Sri Lanka’s Economic Independence: A Distant Dream?

Political independence in 1948 economically meant little to Ceylon. It was more a declined economic opportunity – to be a part of a trade empire on which the sun never set could have been far advantageous. Still independence was no excuse for failure. Not every post WWII-independent Asian nation took the wrong turn. Then most were behind us. Now they have surpassed us not just in GDP terms, but even in human development – what we used to boast about. Memoirs of Lee Kuan Yew, who once dreamt emulating the Ceylonese economic model, describe why and how we failed, in style.


The true independence, if anyone cares to celebrate, gained not in 1948, but in 1170 AD – give or take few decades. That was when Parakramabahu the great –the greatest to ever rule us – not only liberated the isle from the mighty Chola Empire but converted it to an economic powerhouse. Contrary to popular belief, agrarian self-sufficiency was not Parakramabahu’s goal. His futuristic strategy was to be the trade hub of South Asia. Indian, Roman, Arab, Javanese and Chinese traders were frequent visitors to Serendib. The twelfth century ‘granary’ of Asia, probably was the equivalent of modern Singapore.

The dark ages that followed the fall of Polonnaruwa kingdom saw less political stability, more power centers, more civil wars and less trade. Arya Chakravarties of Nallur, arguably the most powerful in the interim period were said to have a large naval force, but still no records that business was their forte. Meanwhile in the South it was more a battle among each other.

Like it or not, it was the Portuguese followed by Dutch, who brought the lost glory. Spices suddenly became hot products; cutting a cinnamon plant was punished by death.

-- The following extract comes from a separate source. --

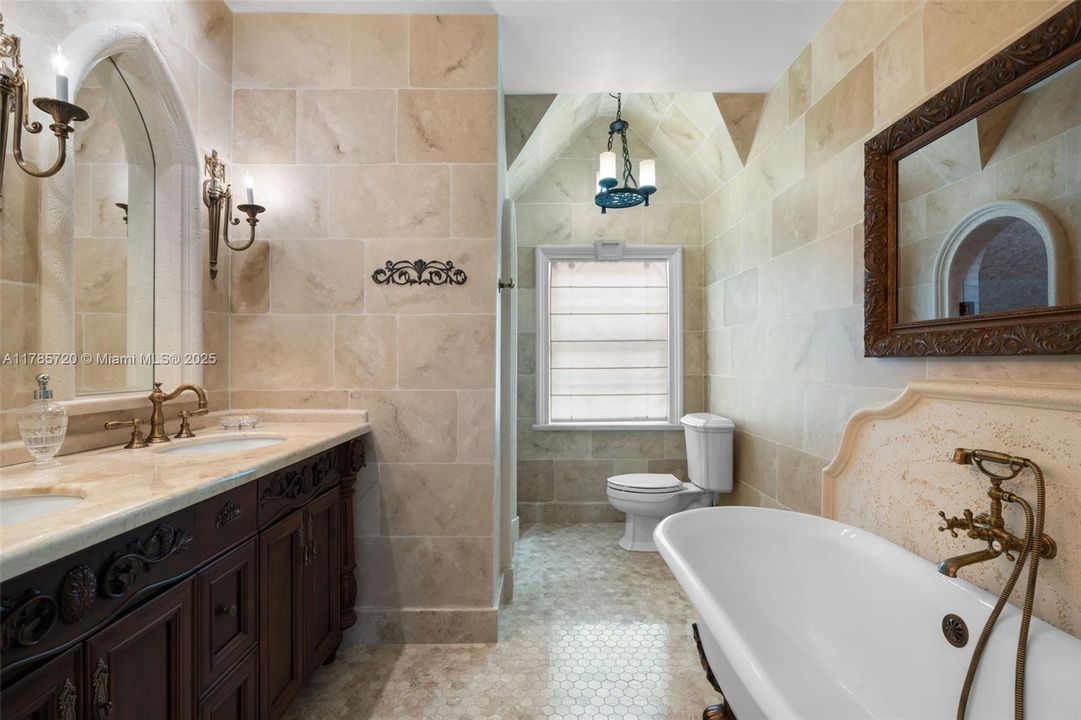 For Sale: $5,800,000 (5 beds, 5 baths, 5424 Square Feet)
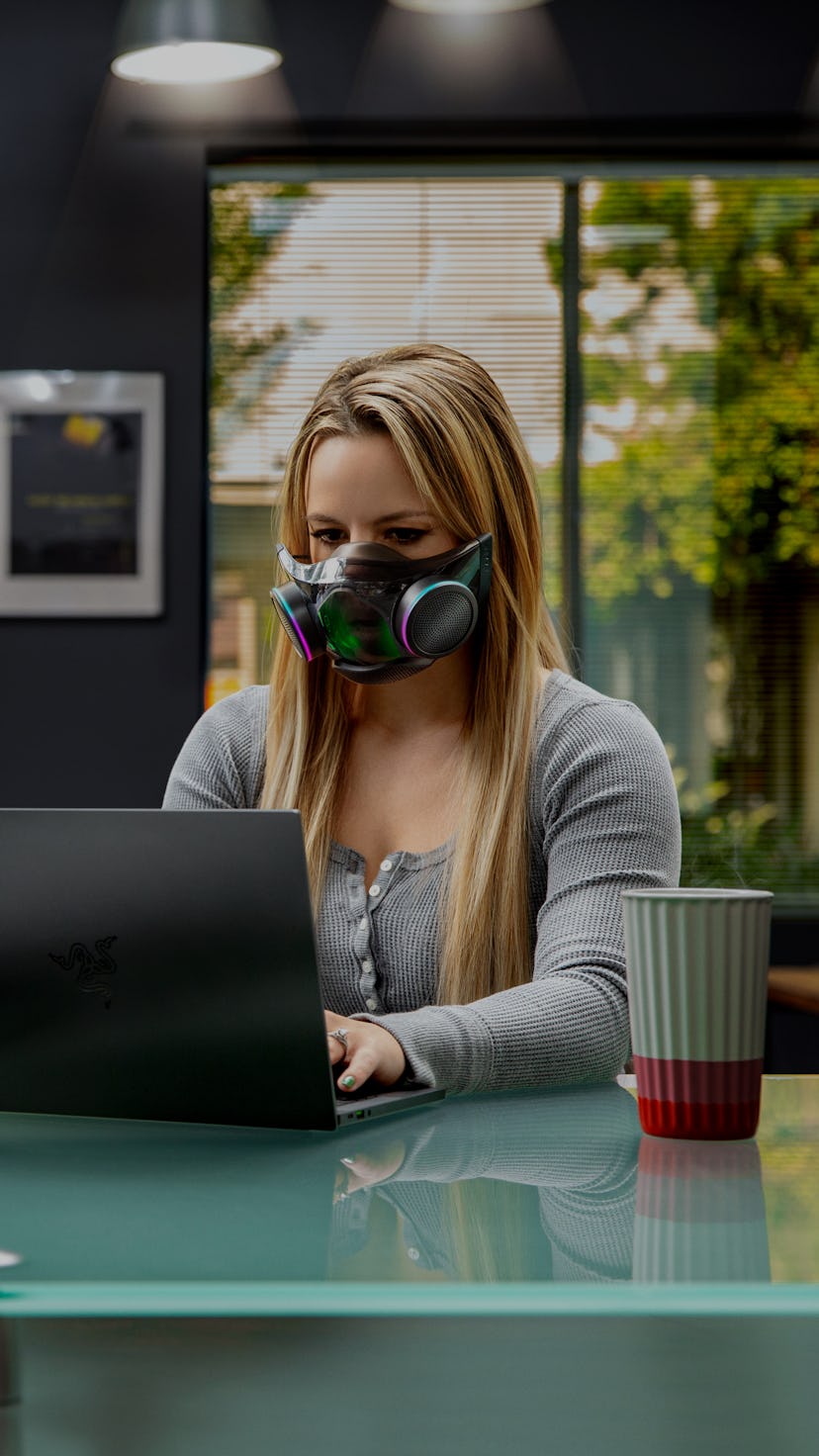 Razer Zephyr mask being used in a coffee shop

British, after capturing Kandyan kingdom in 1815, introduced coffee, tea and rubber – the new economic crops. This gave birth to two classes of entrepreneurs – first British but towards the end of nineteenth century, domestic. The transition from feudal to modern economy materialized many dreams – highways and railways, commercial sea ports, administrative system, fixed income jobs, developed corporate sector, postal service, communication system followed by even quality education and proper healthcare. By the middle of the last century Ceylon successfully eradicated a predicament as serious as foreign invasions to ancient rulers: Malaria

Thus strictly speaking, it was not the Europeans who robbed our independence. Rather it was them who brought it back directing us to a new age. Otherwise Seylan could have easily ended up another Burma, Cambodia or Nepal.

Post independence economic reveries were short lived. The Colombo Plan, which aimed to ‘uplift’ neighbours to our own level, is long forgotten. First Central Bank chief John Exter’s objections to subsidies in the middle of rubber-crisis were met with a Hartal to be followed up with the first populist government in 1956. The rest is history.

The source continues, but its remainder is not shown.